Short descriptive text snippets:
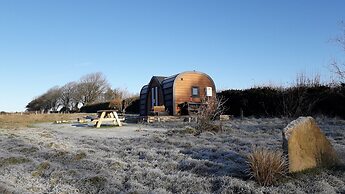 Hornbeam Eco Cabin - Sleeps 2 - Valley View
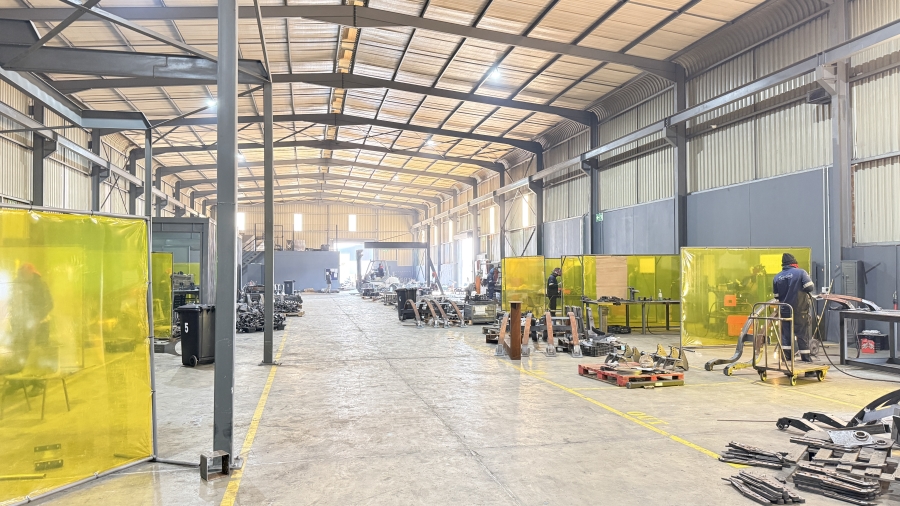 To Let Commercial Property for Rent in Knoppieslaagte Gauteng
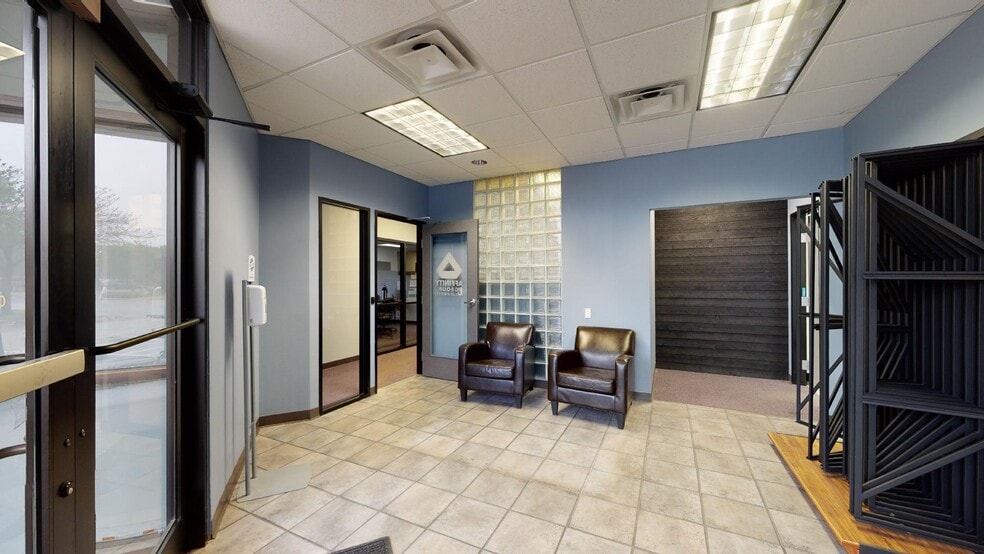 More Photos Of 3827 Promontory Point Dr, Austin Showroom For Sale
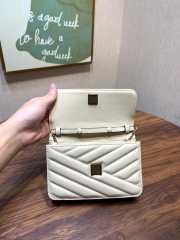 Tory Burch Kira Chevron Top Handle White Bag 11.5x17.5x4.5cm - 5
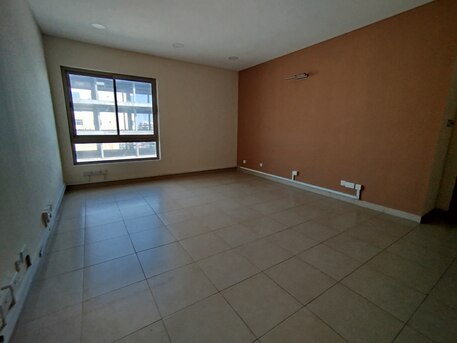 Manama, Offices, BHD 550,  3Bhk Commercial  Office  Flat For Rent  In -(((Zing)))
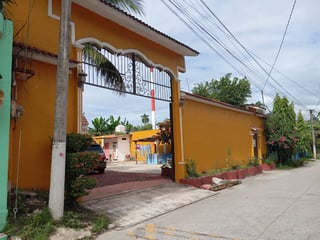 CASA EN VENTA EN PUERTO BARRIOS - 2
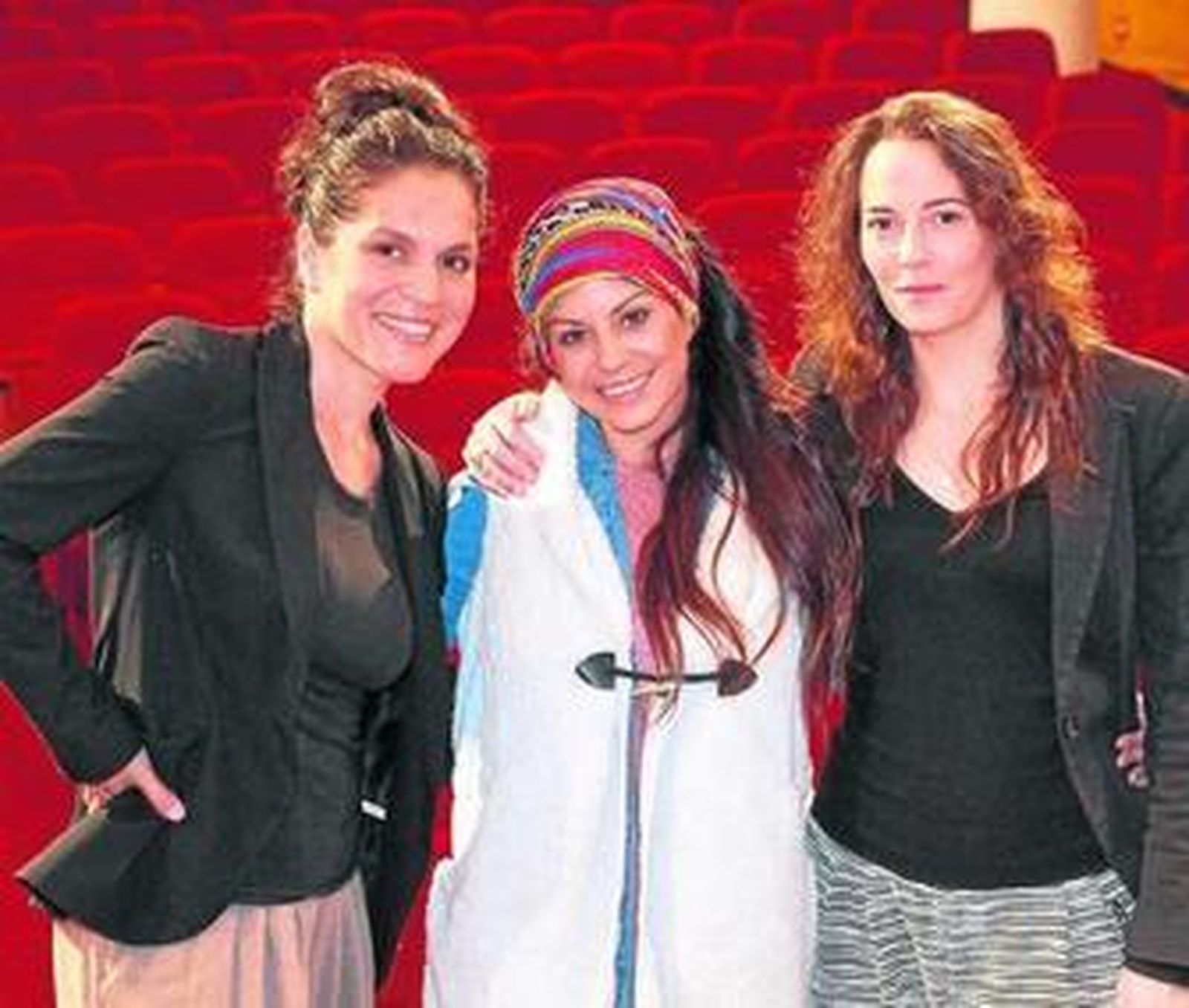 Soraya Clavijo, Mercedes de Córdoba y Lucía Álvarez 'La Piñona', ayer en la Fundación Cajasol.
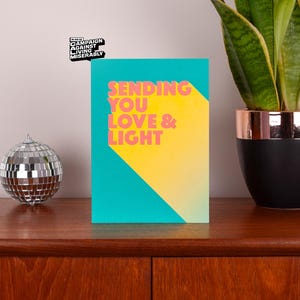 Ik stuur je liefde en licht mooie gewaagde liefdeskaart, Levendig oprecht bericht op de kaart, Vriendelijkheid tonen, Doordachte geruststellende wenskaart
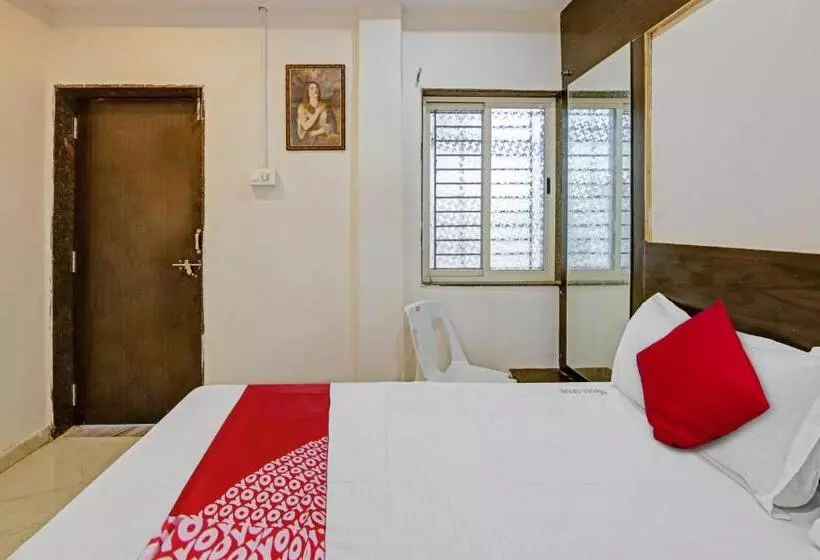 ホテル Oyo Flagship The Ashoka Boarding And Lodging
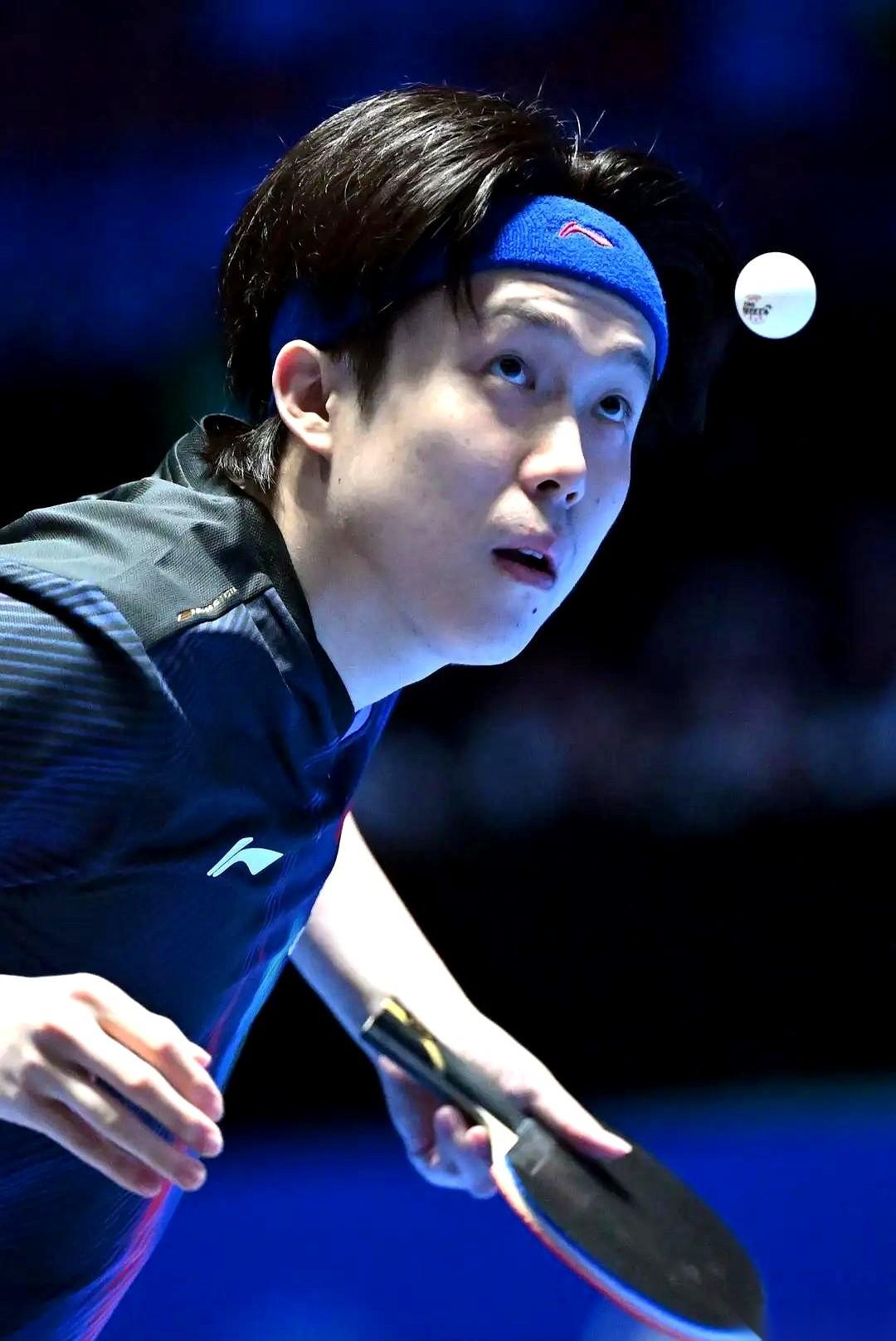 央视今晚要重播澳门世界杯那几场硬仗。
我猜，肯定有人错过了直播，手机上弹出的比分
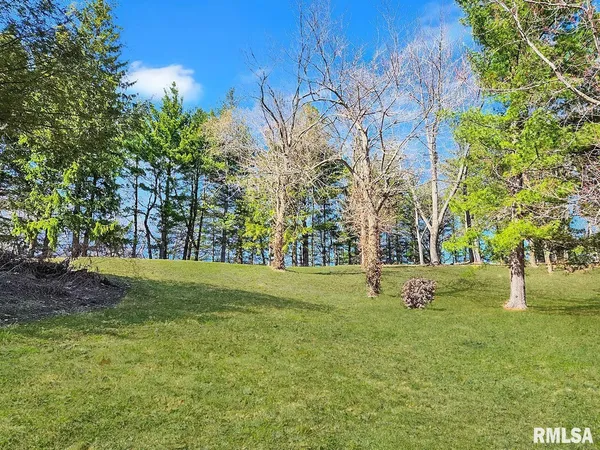 $359,000 | 9313 West Parks School Road, Princeville, IL 61559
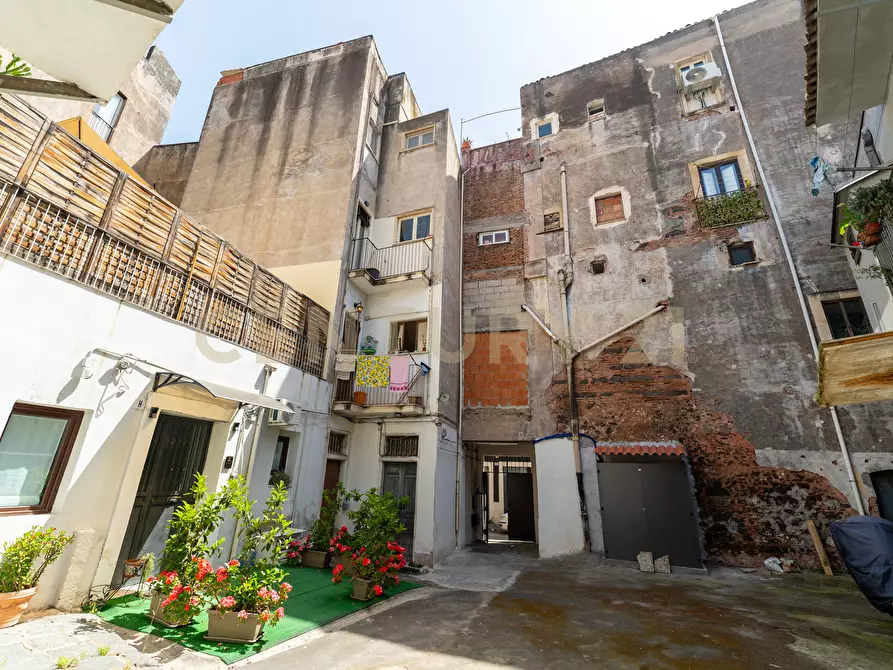 Immagine 35 di Bilocale in vendita  in Via Giovanni Gentile 9 a Catania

== The task ==
Beginning with the first line of the entries above, repeat each line word for word until the line with "Soraya Clavijo, Mercedes" has been given too. Omit the pictures.

== Finished exercise ==
 Hornbeam Eco Cabin - Sleeps 2 - Valley View
 To Let Commercial Property for Rent in Knoppieslaagte Gauteng
 More Photos Of 3827 Promontory Point Dr, Austin Showroom For Sale
 Tory Burch Kira Chevron Top Handle White Bag 11.5x17.5x4.5cm - 5
 Manama, Offices, BHD 550,  3Bhk Commercial  Office  Flat For Rent  In -(((Zing)))
 CASA EN VENTA EN PUERTO BARRIOS - 2
 Soraya Clavijo, Mercedes de Córdoba y Lucía Álvarez 'La Piñona', ayer en la Fundación Cajasol.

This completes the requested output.